Avaliar o desempenho das pessoas no trabalho implica, assim, conhecer a dinâmica comportamental própria de cada um, o trabalho a ser realizado e o ambiente organizacional em que essas ações se passam. Uma das dificuldades, no entanto, está na delimitação da colaboração individual das pessoas para os resultados da organização (BERGAMINI, 1988).

Desempenho tem sido um dos consequentes mais pesquisados do comprometimento com foco na organização, apesar de os valores encontrados até agora estarem longe de comprovar o que o senso comum prega: níveis elevados de comprometimento potencializam melhor desempenho. Isso ocorre porque a relação não é direta, como Riketta (2002) e Scheible (2004) comprovam, uma vez que existem diversas variáveis moderadoras. Meyer, Allen e Topolnytsky (1998) afirmam, ainda, que essa relação varia de acordo com a natureza do comprometimento. Para esses autores, o comprometimento instrumental relaciona-se negativamente com o desempenho, ao contrário do comprometimento afetivo. Ellemers e van den Heuvel (1998) alertam para o fato de que comprometimento não prediz desempenho na tarefa e que a visão do superior hierárquico a respeito do desempenho no contexto é mediada pelas relações existentes entre subordinados e superiores.

Neste trabalho buscou-se investigar também a relação entre os vínculos com a carreira - de comprometimento e entrincheiramento - e o desempenho do trabalhador.

2. METODOLOGIA Na primeira fase deste trabalho, realizou-se uma pesquisa bibliográfica sobre comprometimento no trabalho e desempenho nas organizações. Tal pesquisa viabilizou o conhecimento sobre o estado da arte nos tópicos abordados e opiniões reinantes em diversas correntes de pesquisadores. A partir daí, foi possível estabelecer um arcabouço teórico de referência e identificar instrumentos validados. Na segunda fase, buscou-se testar as hipóteses sobre as relações entre as variáveis estudadas pela aplicação de um questionário, que utilizou instrumentos e indicadores extraídos da primeira fase e da pesquisa documental em avaliações de desempenho conduzidas na organização-alvo. Após coleta e tratamento dos dados, foram elaboradas as análises, interpretações e conclusões.

2.1. Hipóteses Baseada em Blau (2001, 2003), a primeira hipótese assume que o entrincheiramento se correlaciona de forma significativa e positiva com o comprometimento instrumental com a carreira e não se relaciona com comprometimento afetivo. A segunda hipótese, sustentada por Meyer et al.

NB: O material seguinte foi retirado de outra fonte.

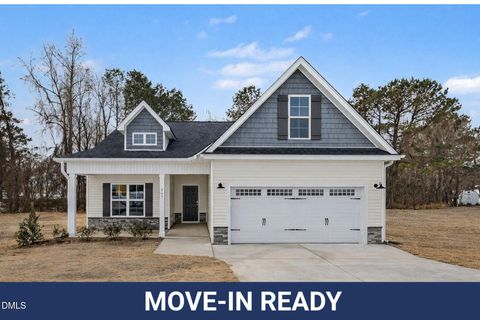 207 Tuskeegee Drive Smithfield NC 27577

(1989), Blau (2001, 2003) e Meyer et al. (2002), afirma que entrincheiramento e comprometimento instrumental se relacionam com desempenho de forma negativa. A terceira e última hipótese, apoiada em Blau (2001, 2003), aponta a dimensão falta de alternativas do entrincheiramento como à parte das três dimensões do comprometimento na carreira propostas por Meyer, Allen e Smith (1993) e Meyer e Herscovitch (2001).

2.2. Universo, amostra, instrumentos e procedimentos de coleta de dados A pesquisa foi realizada em uma empresa de tecnologia da informação de âmbito nacional, escolhida devido à possibilidade de acessar pessoas em diferentes localidades. Participaram indivíduos de vários estados, totalizando 217 respondentes, o que corresponde a quase 15% do universo pesquisado. Para aplicação do questionário, foi utilizado um sistema de questionário eletrônico disponibilizado na intranet da organização. Tal procedimento agilizou o processo e ampliou a participação para todas as unidades da empresa e para os colaboradores alocados em clientes. Outra razão para esta tática foi o fato de o questionário ser longo e exigir boa vontade dos respondentes.

O questionário aplicado em março de 2006 dividiu-se em três partes: itens demográficos e funcionais; itens relativos ao comprometimento com a carreira; itens relativos ao entrincheiramento. O segundo grupo consistiu nas escalas: comprometimento com a ocupação - escala de 18 itens proposta e validada por Meyer, Allen e Smith (1993) - com seis itens para cada base; comprometimento com a carreira - escala de sete itens proposta e validada por Blau (1985); comprometimento com a carreira (CCM), de 12 itens, proposta por Carson e Bedeian (1994). O terceiro grupo consistiu na escala entrincheiramento na carreira - composta por 12 itens, proposta e validada por Carson, Carson e Bedeian (1995).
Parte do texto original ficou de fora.